Big Congratulations to Mum and you....now a Granny LOL!! :lol: :thumbup:

I have just seen this thread, beautiful cats. And i can not wait for the piccies of the kittens! xxxx


----------



## Aurelia (Apr 29, 2010)

Thanks Acacia  Indeed I am a proud Granny :lol:

Well Rilly looks to have settled, so I think 4 may be our lot. Obviously this is not set in stone, so only time will tell I guess.

I am so incredibly proud of my girl. She is tending to her babies beautifully, and watching her paw while they are feeding, and then rub her check against them is just magic.


----------



## Acacia86 (Dec 30, 2008)

Aurelia said:


> Thanks Acacia  Indeed I am a proud Granny :lol:
> 
> Well Rilly looks to have settled, so I think 4 may be our lot. Obviously this is not set in stone, so only time will tell I guess.
> 
> I am so incredibly proud of my girl. She is tending to her babies beautifully, and watching her paw while they are feeding, and then rub her check against them is just magic.


It truly is an amazing sight! I have had a couple of litters too so i am a Granny as well! :thumbup:

I was extremely proud of my queens too, the pride seems to burst in your chest when you see them nursing their kittens  they look so immensely proud of their new babies......i do not know who was more proud? Me or the Mum!!!

Really well done to both of you. I am glad all arrived safely, and i look forward to the updates.
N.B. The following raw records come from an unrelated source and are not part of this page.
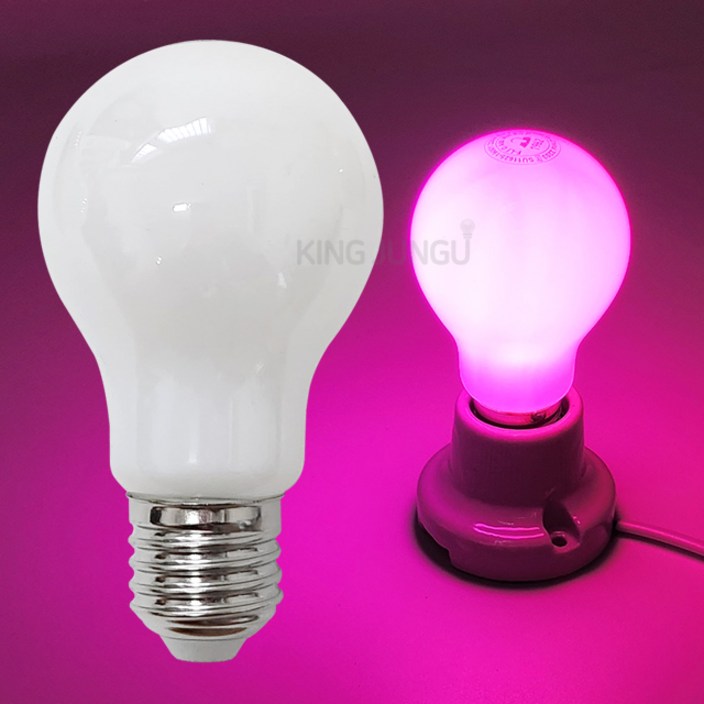 일광전구 디밍 LED 컬러전구 A60 8W E26 분홍색 핑크 색구 bulb 조광가능 색전구, 1개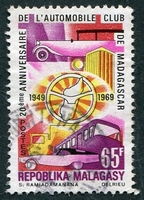 N°0463-1969-MADAGASCAR REP-20E ANNIV AUTOMOBILE CLUB-65F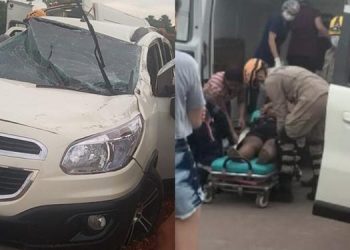 Mulher e bebê ficam feridos após veículo capotar em Itaituba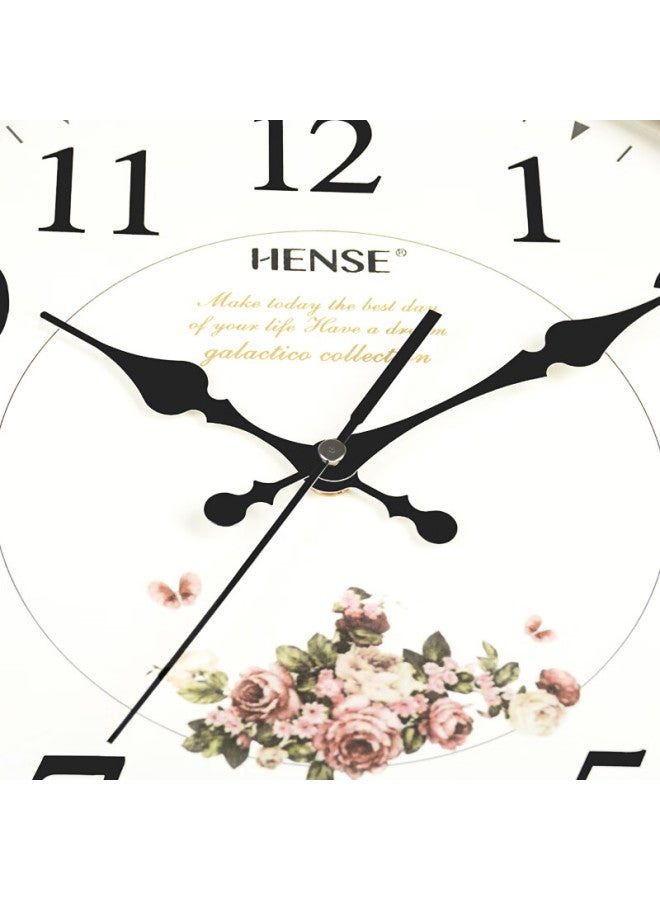 Hense Solid Wood Wall Clock European Style Fashion Hanging Clock Creative Living Room Clock Wall Quartz Clock Hw17 - Image 5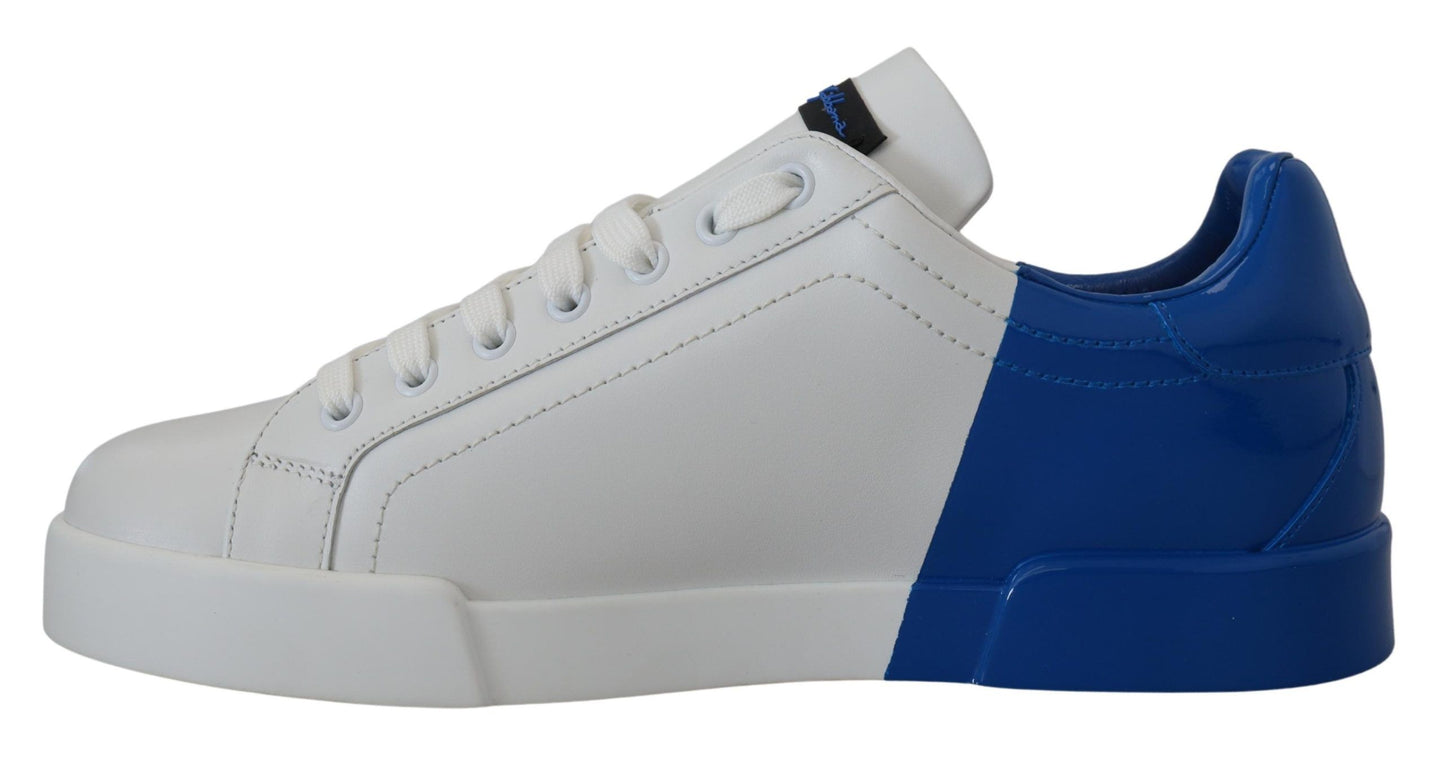 Elegant White and Blue Leather Sneakers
Big hugs and kisses to mummy! And you! :thumbup:

xxx


----------



## Aurelia (Apr 29, 2010)

A few pictures so far 

Rilly all snuggled up with her babies having a good rest while they feed. I promise there are 4 there, the blue is hiding under her front leg!:










Kitten number 1, the Blue/Cream girl like her mummy  :










Kitten number 2! I think this one is a lilac?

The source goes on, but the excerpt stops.